Finalizó el encuentro en Valencia y por primera vez no me apeteció quedarme a ver cómo el Rey entregaba su Copa. Al Rey se le había pitado como mandan las costumbres, por lo que estoy convencido de que el día que acuda a otra final y no escuche los silbidos, el hombre se va a mosquear. Los pitos ya son un clásico.

Once millones de aficionados contemplaron la final de Valencia, a través de La 1. Un espectáculo inmortal. Barça y Real Madrid. Con varias curiosidades: Iker Casillas se mofó de dos personajes: de Mourinho, al abrazarse con varios colegas rivales, y de Wert, al ofrecerle posaderamente todo su culo. Fue la foto. Casillas agachándose ante la copa, sabiendo que en su retaguardia miraba sentado el ministro de Cultura; la ley de la física ofreció el resto: un culo que casi roza el cutis de don José Ignacio. Total: imagen que vuela por los aires de Internet: ¿Aposta? No se sabe. Iker, seguro, lo negará hasta la tumba.

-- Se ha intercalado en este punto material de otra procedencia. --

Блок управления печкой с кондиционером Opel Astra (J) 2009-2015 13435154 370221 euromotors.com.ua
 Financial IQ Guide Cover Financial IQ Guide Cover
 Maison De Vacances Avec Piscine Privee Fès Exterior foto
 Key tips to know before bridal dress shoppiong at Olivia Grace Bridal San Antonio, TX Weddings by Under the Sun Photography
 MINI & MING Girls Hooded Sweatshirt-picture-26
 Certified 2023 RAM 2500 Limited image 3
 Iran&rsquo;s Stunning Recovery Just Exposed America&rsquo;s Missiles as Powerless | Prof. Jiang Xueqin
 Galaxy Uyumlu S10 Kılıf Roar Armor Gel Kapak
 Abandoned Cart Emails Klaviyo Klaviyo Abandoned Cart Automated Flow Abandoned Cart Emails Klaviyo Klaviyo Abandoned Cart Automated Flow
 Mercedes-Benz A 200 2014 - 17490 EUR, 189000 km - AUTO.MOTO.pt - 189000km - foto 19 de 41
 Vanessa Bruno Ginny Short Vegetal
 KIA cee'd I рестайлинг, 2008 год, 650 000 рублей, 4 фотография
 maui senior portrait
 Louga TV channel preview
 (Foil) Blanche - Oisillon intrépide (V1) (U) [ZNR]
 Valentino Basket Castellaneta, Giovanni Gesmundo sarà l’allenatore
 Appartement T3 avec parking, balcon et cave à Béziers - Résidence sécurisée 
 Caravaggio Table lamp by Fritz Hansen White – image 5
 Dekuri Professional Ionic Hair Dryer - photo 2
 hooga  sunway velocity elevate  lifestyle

Fue una final triste porque supuso la agonía de un estilo, de un concepto, de una filosofía aplicada al fútbol. El Barça se despidió amargamente, incluso ridículamente, y ahora debe esperar noticias. Leonel Messi, el hombre que no tenía límite, el deportista al que pagamos para que haga magia, no compareció. Yo podría haber jugado en su sitio y no se hubiera notado. Bien, fue bonito mientras duró. Muchos podremos decir un día que vimos al mejor equipo del mundo. Y vimos al Madrid, una máquina de fabricar músculos. Pero ya no me quedé.